Out-Law News 2 min. read

Agreement to promote competition and investment in Kenya’s telecoms sector


The Communications Authority of Kenya (CA) has signed an agreement with the World Bank’s International Finance Corporation (IFC) to promote competition and investment in Kenya’s telecoms sector and strengthen the regulatory environment.

The CA said it wanted to develop “a pro-competition framework for spectrum management in Kenya... ensure a level playing field for investors, facilitate the expansion of wireless communications and support capacity building on competition policy and regulation in the communications sector”.

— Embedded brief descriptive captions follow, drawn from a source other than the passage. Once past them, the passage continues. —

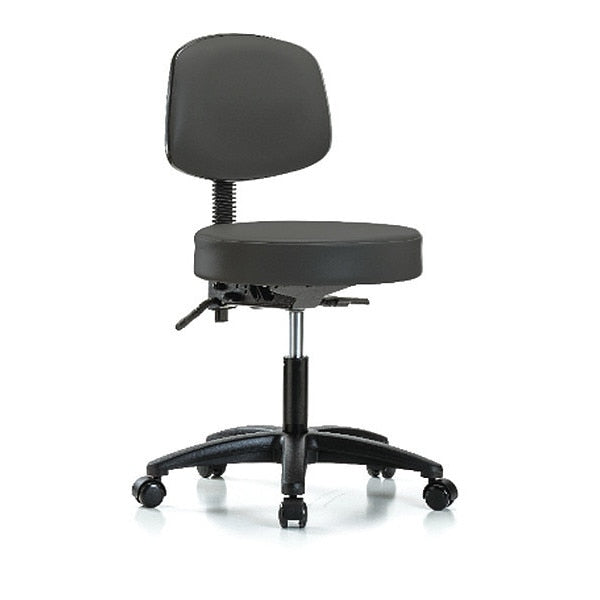 Desk Stool, Vinyl, Bk, Tilt Casters, Gry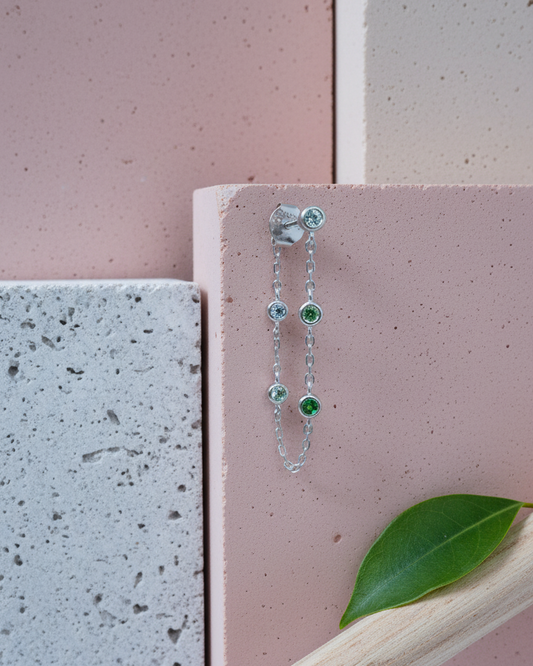 back to front minimal chain earring with graduated CZ color.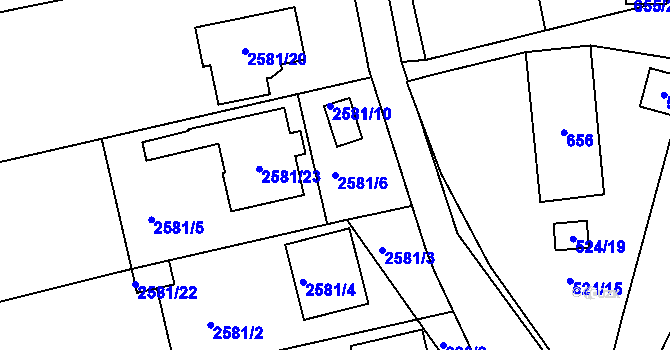Parcela st. 2581/6 v KÚ Koryčany, Katastrální mapa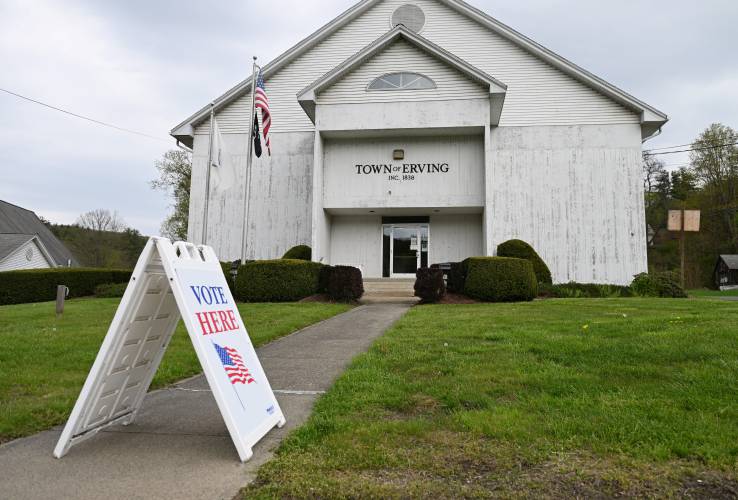 Voting at Erving Town Hall.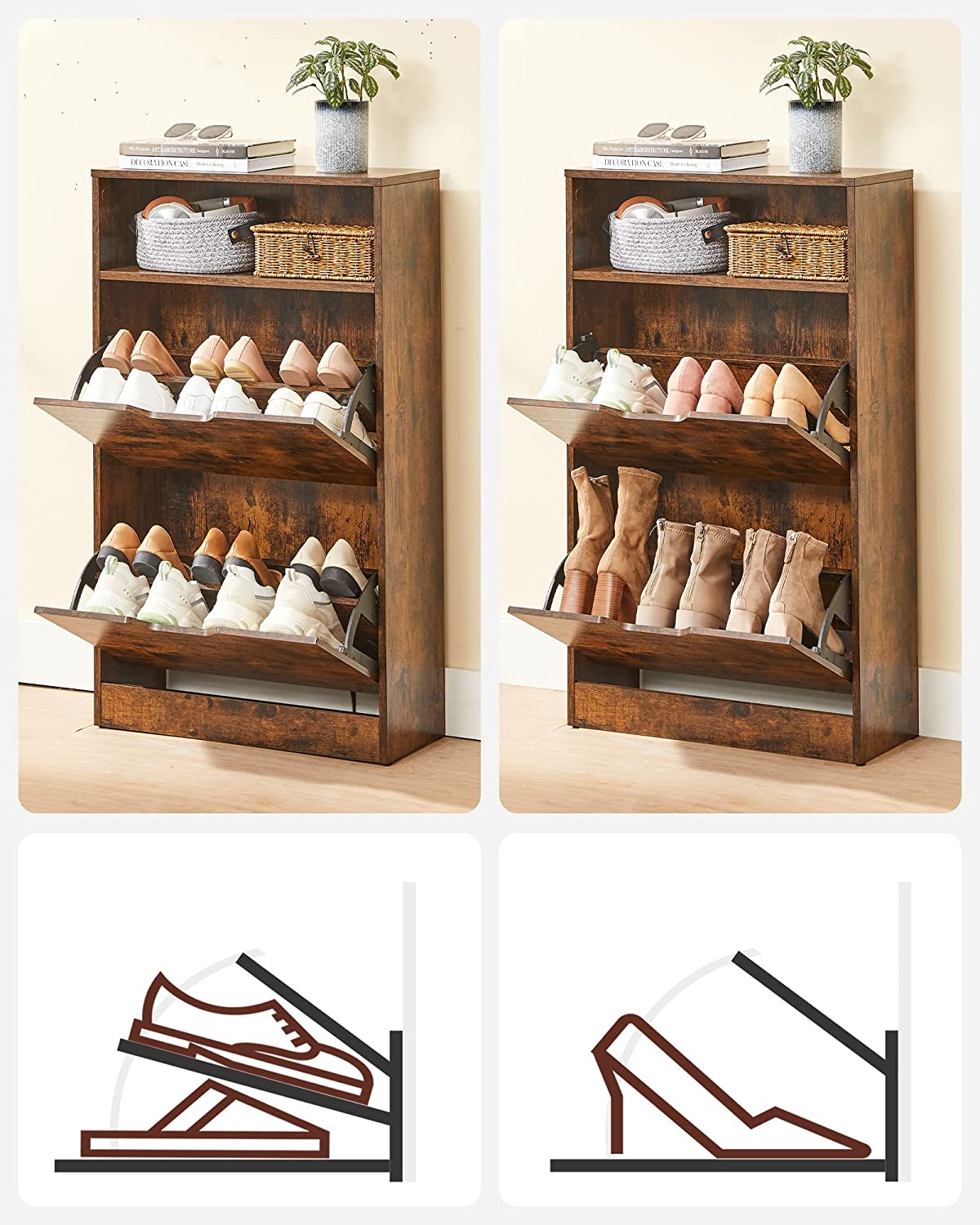 VASAGLE Shoe Cabinet Shoe Storage Organizer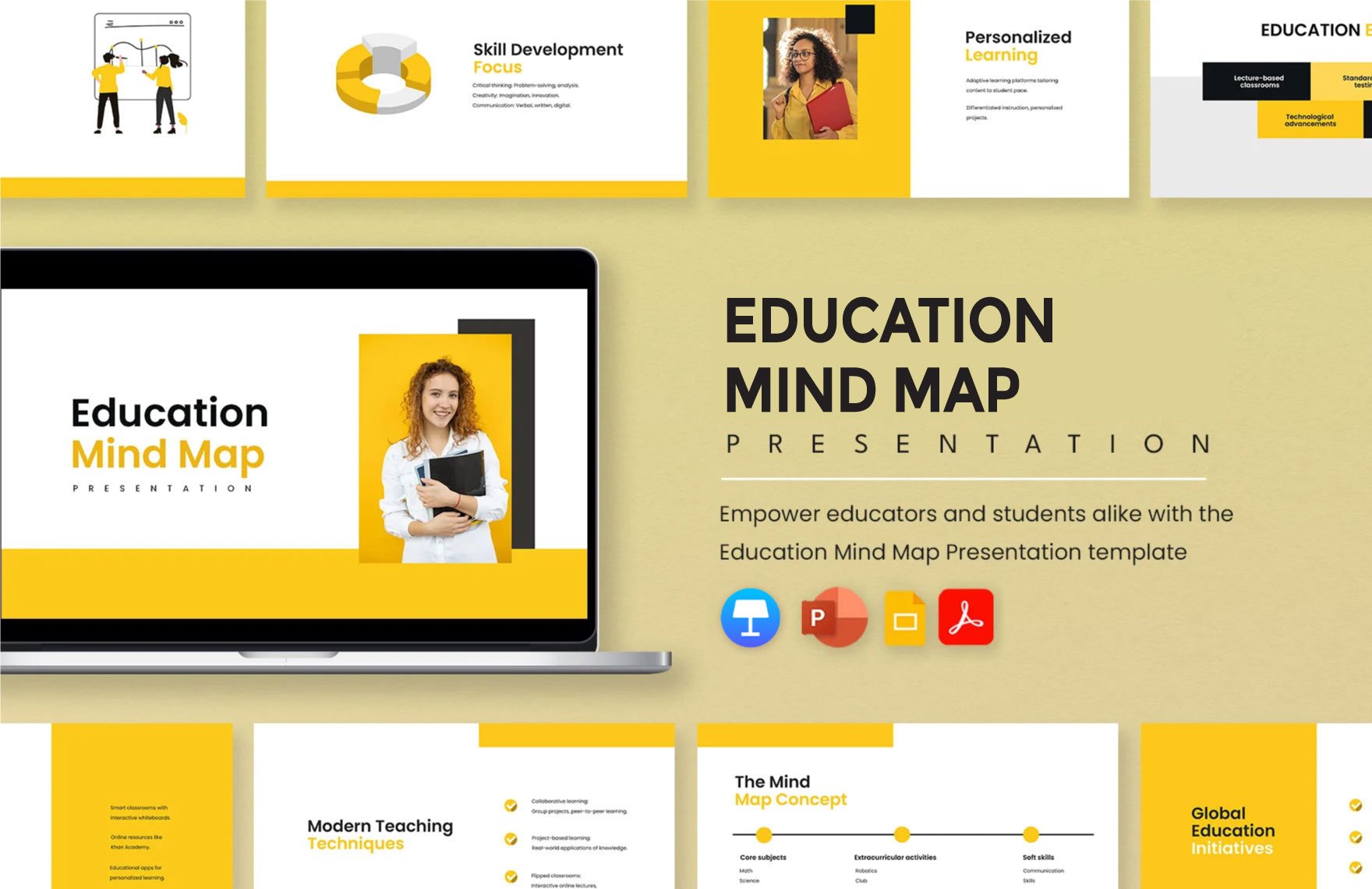 Free Education Mind Map Template in PDF, PowerPoint, Google Slides, Apple Keynote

Under the terms of the agreement, the IFC will provide technical support on “strengthening collaboration” between the CA and the Competition Authority of Kenya (CAK), to “safeguard and encourage effective competition” in the telecoms sector.

The IFC will also assist in the development of a cooperation agreement or memorandum of understanding between the CA and CAK, aimed at drawing up a “common action plan based on international practices and the Kenyan legal framework”, the CA said.

According to the CA, the agreement with the IFC is part of the corporation’s ‘Kenya Regulatory Reform Programme’, which provides advisory services to help boost the development of the private sector in the country.

Kenya liberalised its telecoms sector in 2000, but the IFC said “a first attempt to privatise troubled, state-run Telkom Kenya got bogged down and went nowhere”. “Telkom Kenya enjoyed a monopoly on landline operations in the East African country, but its business suffered as Kenyans eagerly swapped fixed-line phones for mobiles,” the IFC said. “Inefficiency and mounting debt also plagued to company's operations.”

At the request of the Kenyan government, the IFC helped support what it said was Telkom Kenya’s “rebirth”, by helping it secure $81 million in financing for restructuring. The financing was secured by pledging part of Telkom Kenya's 60% stake in Safaricom, “a hugely successful mobile phone operator and one of Kenya’s most profitable companies”, the IFC said.

The IFC then ran a bidding process for 51% of Telkom Kenya, which was won in late 2007 by a consortium led by France Telecom with a bid of $390m. The bid exceeded the $300m reserve price. The IFC also helped Telkom Kenya unbundle its stake in Safaricom, with ownership being transferred to Kenya’s government.

The IFC said: “The successful restructuring and sale of Telkom Kenya, and subsequent listing of Safaricom on Nairobi's stock exchange, both involved participation by foreign investors, injecting confidence back into the country’s economy at a difficult time.”

Safaricom was the first operator in Kenya to launch mobile data services in 2003 on the 2G platform and was the first to launch its 3G platform in 2008. The company said it has more than 3,200 base stations in Kenya, “nearly half of which are 3G-enabled”.

Last December, Safaricom launched its Long Term Evolution (LTE) advanced 4G network, initially covering Nairobi and Mombasa, “before scaling up coverage in other major towns”.

A joint report published in 2012 by the World Bank and African Development Bank, with support from the African Union, said that, at the start of 2012, Africa’s mobile telephony market was “bigger than either the EU or the US. Some 68,000 kilometres of submarine cable and over 615,000 km of “national backbone networks” had already been laid to boost connectivity across the continent, the report said.

According to a survey published last June by Swedish telecommunications firm Ericsson (8-page / 224 KB PDF), total mobile subscriptions in sub-Saharan Africa stood at about 70% at the end of 2013, compared to about 92% globally, and digital technology is “fast becoming a part of everyday life” in the region. Africa’s mobile data traffic is predicted to grow around 20 times between the end of 2013 and the end of 2019, the survey said.